BloomField Club ( Close Encounters of Healing )

まぼろしの東京マラソン

2月17日、無情にも東京マラソンの一般参加取りやめが発表された。一般参加中止は止むを得ないが、ここには色々な当事者事情がある。大会後に『東京マラソン、完走しました』と投稿するつもりでいたが、叶わなくなってしまった。これまでの東京マラソンにかける思いを突然断ち切られ、目標を見失ってしっまた私の心情を書き綴ってみたい。

参加の経緯

昨年から南アルプスを登るようになり感じたのは、数日間縦走できる体力の必要性である。これまで八ケ岳中心だったので、アクセスも良く殆ど日帰り登山が可能であった。しかし南アルプスはアクセスが悪く歩行距離が長くなるので、高齢者には数日間の連泊が余儀なくされる。そこでもっと体力をつけせめて2泊3日以下の山行にしたく、体力を付けるためマラソンを再開することにしたのである。マラソンは2014年12月のホノルル以降まともにやっていなかった。だが、登山を始められたのもマラソン経験があったためで、マラソンと登山は体力的にも精神的にも共通点が多いスポーツなのである。

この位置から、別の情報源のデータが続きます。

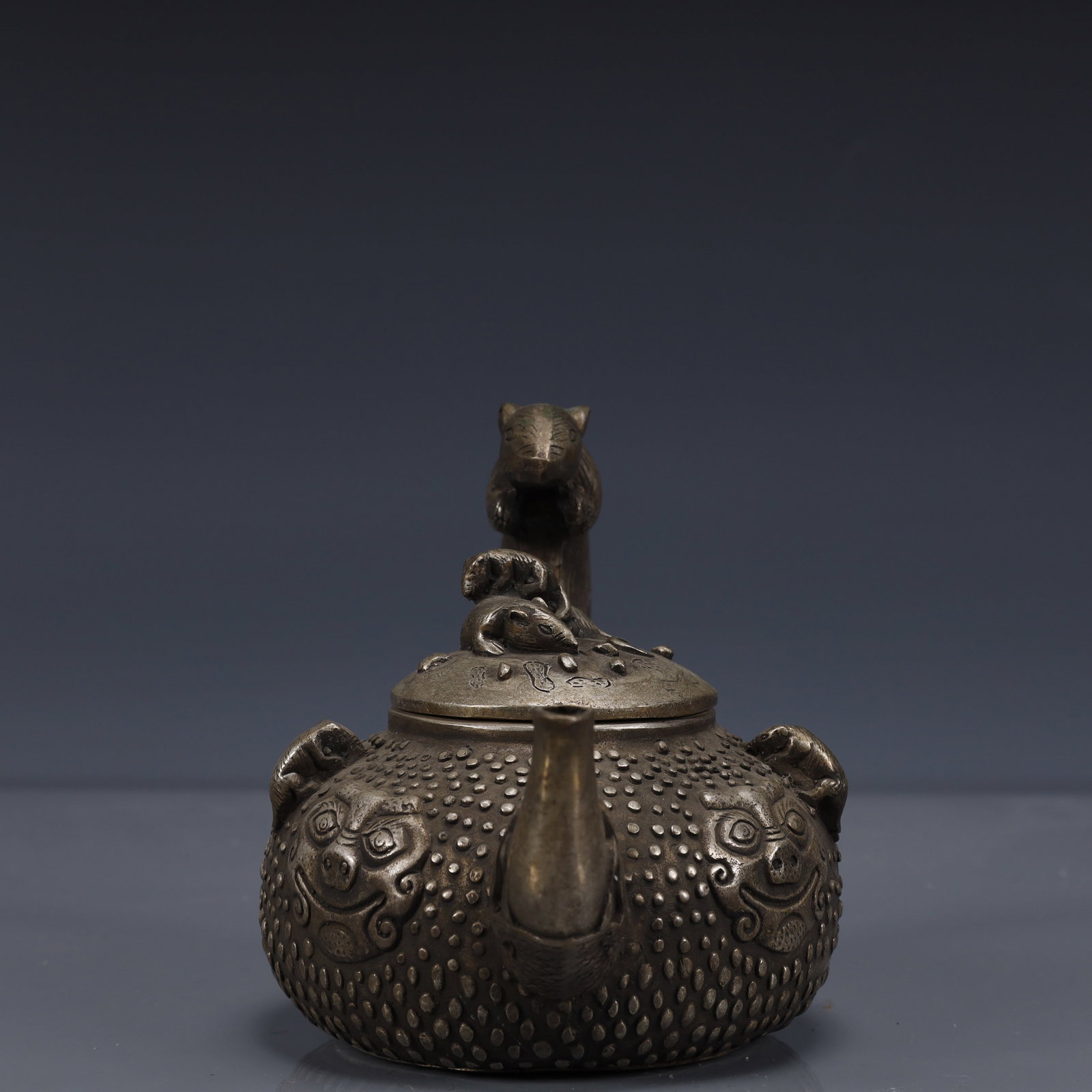 An Exquisite Silver-Plated Bronze Mouse Pattern Ewer - 4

そんな思いをしていた時、ふと東京マラソンの参加募集を目にしたのである。倍率が10倍以上の人気イベントで、東京オリンピックとほぼ同じコースを走れることを知った。オリンピック・ムードが盛り上がる中、冗談半分で申し込んだら運よく抽選に当たったのである。ホノルルが6時間越えではあったが、東京マラソンの制限時間は7時間なので十分完走できるはずである。そこで昨年10月、16,200円の参加費を納めてから5カ月に亘る東京マラソン挑戦が始まった。

 

目標と練習場所

改めて大会要領を読むと、制限時間は号砲が鳴ってから7時間との事。最終ブロックからスタートするとスタート地点を超えるまでに30分掛かるらしい。と言う事は6時間半以内で走らないと完走できない事になる。ホノルルと同じように走っていては、最悪どこかの関門で引っかかってしまう恐れがある。そこで、完走目標を6時間以内として練習に取り組むこととした。

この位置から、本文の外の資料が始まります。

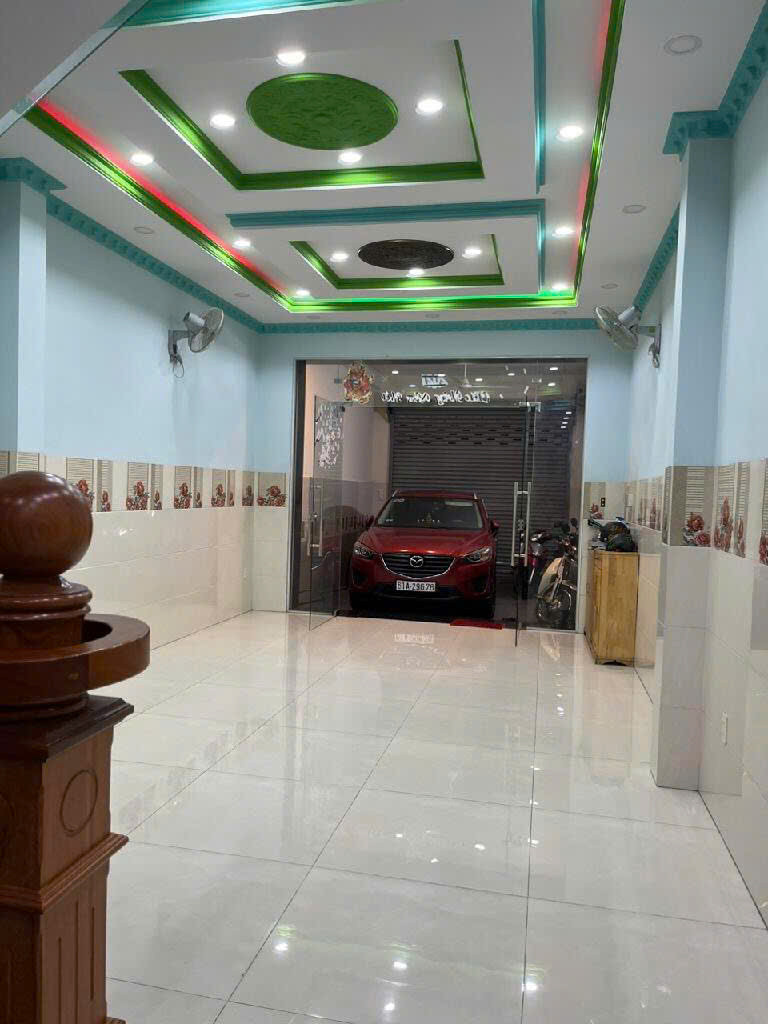 Mặt tiền KD Gò Dưa ngay Vành Đai 2, Nhà 4 tầng, gần 150m2, giá 13,5 tỷ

私の住む蓼科は高原地帯なので周辺道路はアップダウンがきつく、マラソン練習には不向きである。そこで車で20分の白樺湖を練習拠点とし、1周4Kmの湖周回コースを走ることにした。しかし久しぶりに走ってみると、1Km7分半掛かってしまった。42Kmを6時間で走るには、1Km8分半以下で走らなければならない。不安が募る中で2~3回トライしたが、なかなかペースを上げられなかった。そこで良く考えてみると白樺湖は標高1500mであることに気付いたのである。これは明らかに高地トレーニングしている様なものだ。気温や標高を考えると、冬場の蓼科はマラソン練習には不向きであると言わざるを得ない。

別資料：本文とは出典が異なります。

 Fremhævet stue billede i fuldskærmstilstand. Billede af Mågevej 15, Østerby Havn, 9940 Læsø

そこで今シーズンは蓼科を離れ、名古屋に戻ってマラソン練習に励むことにした。名古屋の練習コースは、瑞穂運動場まで20mの下り山崎川周回はほぼ平坦なコースである。このコースは走り慣れているばかりでなく、東京マラソンと良く似た高低差を持ったコースだ。さらに自宅まで走って戻るためには、ラスト2Kmが登りになり精神的な粘りも鍛えることができる。目標を完走に置く私にとっては、肉体的・精神的両面を鍛えられる最適な練習場所だと思われる。

中止決定に思う事

11月に入り名古屋に本拠地を移し本格的な練習を始め、年末年始の孫とのスキーも怪我を危惧して控えた。1月に入ってからの2か月間、無理なく練習するには3日に一度14Km位が適切だと考えた。それでも時には完走出来るか否か心配になり、ハーフは走っておこうと頑張ることもあった。そんな東京マラソンに向け、これまでで最も充実したマラソン練習に励んでいた。残念ながら1月末にインフルエンザを罹患してしまったが、それも最短で治し何とか本番には間に合いそうだと喜んでいた。この数ヶ月、生活のすべてを東京マラソン目指し頑張って来たと言っても過言ではなかった。2/17の一般参加中止の発表はその矢先の出来事で、私にとっては無情な仕打ち以外の何ものでもなかったのである。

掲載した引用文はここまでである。